What case is there for reducing the budget deficit and public debt burden now? Will such actions save the economy from sharply reduced growth or will cutting government spending and/or raising taxes lead to a collapse of demand and a long period of Japanese style deflation and stagnation?
Economists sharply disagree on what many are now calling “the austerity debate.” Some prominent economists (for example, INET Advisor Kenneth Rogoff) believe that cutting deficits and reducing debt is essential to inspire confidence in financial markets and to ensure that long-term economic growth is not damaged (see Rogoff's recent op-ed here. Others (for example Paul Krugman and Robert Skidelsky, who spoke at INET’s inaugural conference) think that any attempt to reduce expenditures today will be self-defeating since it will further weaken the economy, lead to lower growth and reduced tax revenues in the future, and so greater deficits and debt in the end.
This deficit debate is extremely relevant right now. The cut-the-deficit view has become quite pronounced in Europe, with the new Conservative government’s austerity drive in the United Kingdom as a prime example. On the other side, the Obama Administration has actively urged developed nations to maintain their public investment until the global economy more fully recovers.
This deficit debate is not new. In fact, John Maynard Keynes and Fredrik Hayek, the two economic giants of the 1930s who we partly based our inaugural conference at King’s College on, laid our their version of the debate in dueling newspaper articles in October 1932 (See the images here.)
What new ideas does economics have to offer about these issues today? Richard Koo's wide-ranging analysis of the Japanese deflation is one of them, based on the nearest historical example of a developed country experiencing a real-estate and financial crash followed by an economic downturn. In a talk that kicked off INET’s inaugural conference in Cambridge and in a deep interview that followed it, Koo lays out his concept of a “balance sheet recession,” the idea that in severe downturns such as this one, the normal functioning of financial markets is disrupted. In this analysis, the private sector does not take advantage of easy liquidity and borrow at low interest rates to invest, but instead seeks to pay down debt and shore up their balance sheets. This leads to a situation where the private economy begins to contract as all companies or households try to cut back on borrowing and investing, which increases the incentive for the private sector to save. In such a spiral, Koo argues, the only way to prevent the economy from a complete collapse is to have the government borrow from financial markets and spend while actors in the private sector consolidate their balance sheets and recover.
There are other ways to view the issue. Ken Rogoff lays out his perspective in a countervailing talk given alongside Koo at the opening of our inaugural conference. Within that camp, questions are raised about what kinds of expenditures can be reasonably reduced without undermining growth too much. There is debate within the anti-austerity group as well about the composition of spending. How much of expenditure should be focused on the short-term and how much on more long-term projects? INET Advisor Jeff Sachs argues for the long-term investments.

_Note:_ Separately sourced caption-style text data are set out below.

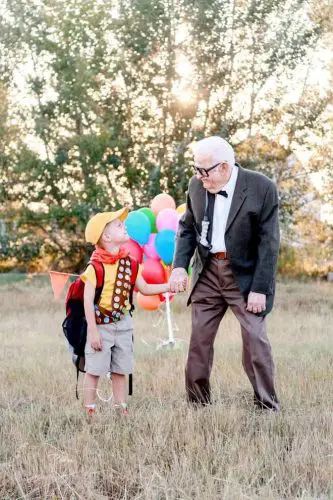Up Photo Shoot Between Little Boy & Grandparents
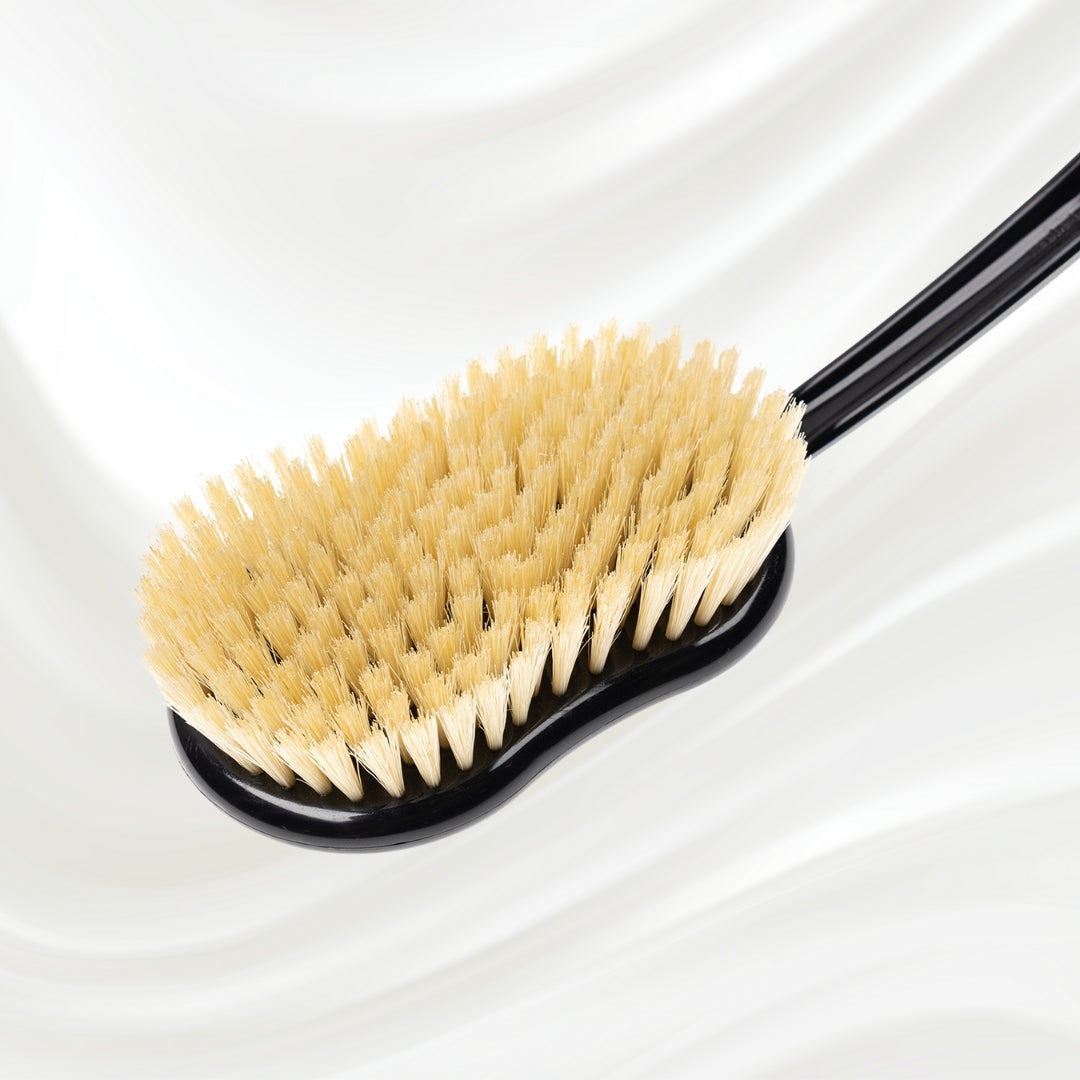 Natural Bristle Shower Back Brush - Long Handle for Full Back Exfoliation (48cm) KOH-I-NOOR Beauty USA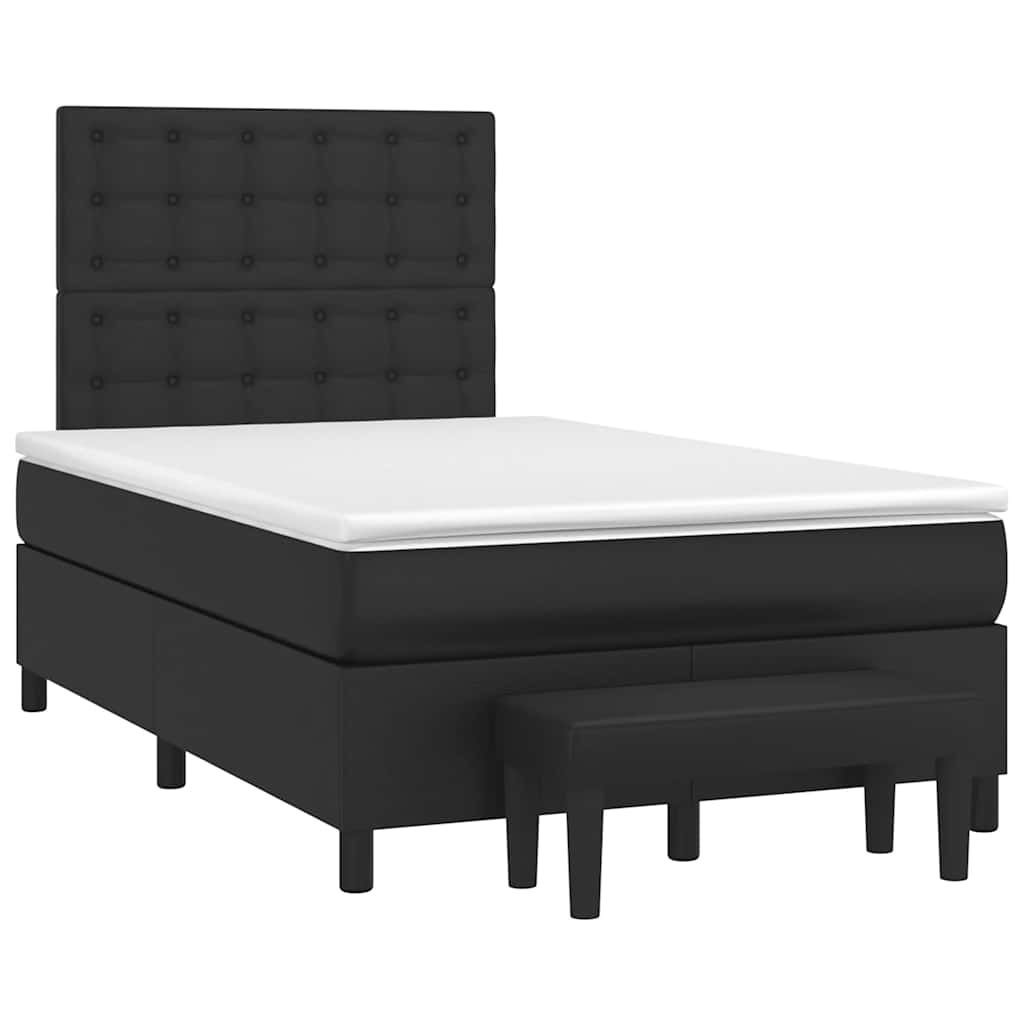 Boxspringbett Mit Matratze Kunstleder Schwarz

Clearly this overarching question about what to do about public deficits is a rich one, one which we want our community to ponder, and hopefully, come up with some fresh new insights as well.
Related Questions
Question on the Stimulus Route: What are the kinds of expenditures that should be undertaken if further stimulus proceeds? Does long-term expenditure constitute a better way of thinking about stimulus, such as what Jeff Sachs advocates (FT of 7/22), or Robert Leighninger in “ Long-Range Public Investment: The Forgotten Legacy of the New Deal (Social Problems and Social Issues (Univ of South Carolina)?”
Question on the Reduction Route: If deficit reduction is to take place, what kinds of expenditures should be cut? Is reducing expenditures on social security, as suggested by some, a viable/credible/desirable way of reducing deficits but protecting growth? Are there other cuts to expenditures that should be considered?

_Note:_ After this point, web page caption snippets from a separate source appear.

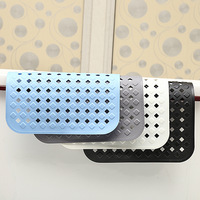 Tapis de douche antidérapant en PVC écologique avec ventouses, trous de drainage, motif diamant, lavable, pour baignoire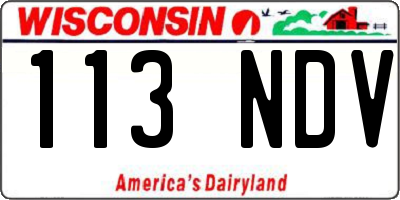 WI license plate 113NDV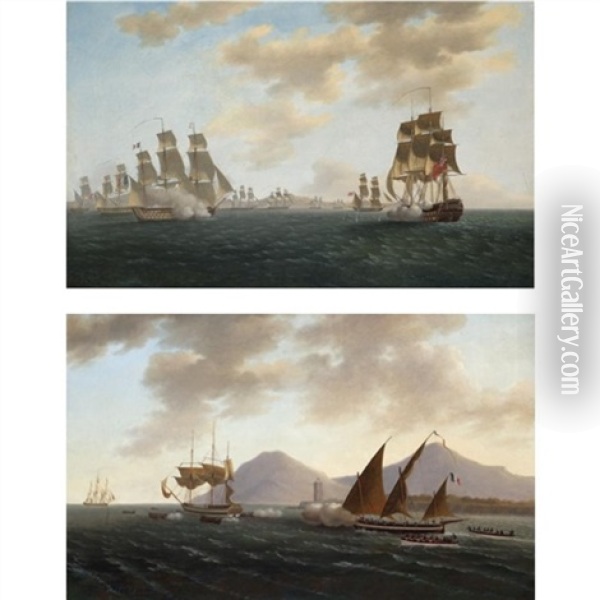 A French Frigate Pursuing A British Merchant Vessel Out Of Harbour (+ An Action Between English And French Vessels; Pair) Oil Painting - Thomas Buttersworth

More Fundamental Question: A fundamental assumption that underlies all of these questions is that we need an economy that grows. Is it possible to transition to an economy that does a better job of supporting people and the planet without growth? And if so, how do we think about deficits within that context?" (Peter Victor's book, "Managing without Growth: Slower by Design and Not Disaster" is one example of this kind of thinking.)
Historical Question: What can historical examples beyond Koo’s Japanese example provide in terms of guidance to the current challenges? Do the examples of countries (including Sweden, United Kingdom, and 18 others) outlined in Alesina and Ardagna (2010) PDF have much to say about the current situation, or is the situation more akin to that described by Almunia et al. 2010. How useful is it to the United States, the largest economic power in the world that also maintains the world’s defacto currency, that other countries (such as Canada) were able to export their way out of a recession, or that Ireland could devalue its currency to stimulate foreign investment?
Featured Profiles
| Suggest Books | Online Resources |
|---|---|
| The Holy Grail of Macroeconomics: Lessons from Japan's Great Recession: Richard Koo
This Time Is Different: Eight Centuries of Financial Folly: Kenneth Rogoff and Carmen Reinhart
Long-Range Public Investment: The Forgotten Legacy of the New Deal: Robert D. Leighninger Jr.
| The Austeri Sow the Seeds of Long-Term Growth by Jeffrey Sachs Why the Battle is Joined Over Tightening by Martin Wolf These Anti-Keynesian Arguments Look Flimsy by Lord Skidelsky Trichet's Whole Doesn't Equal the Sum of its Parts by Mark Blyth
James Galbraith’s Testimony Blasts Fiscal Commission (New Deal 2.0)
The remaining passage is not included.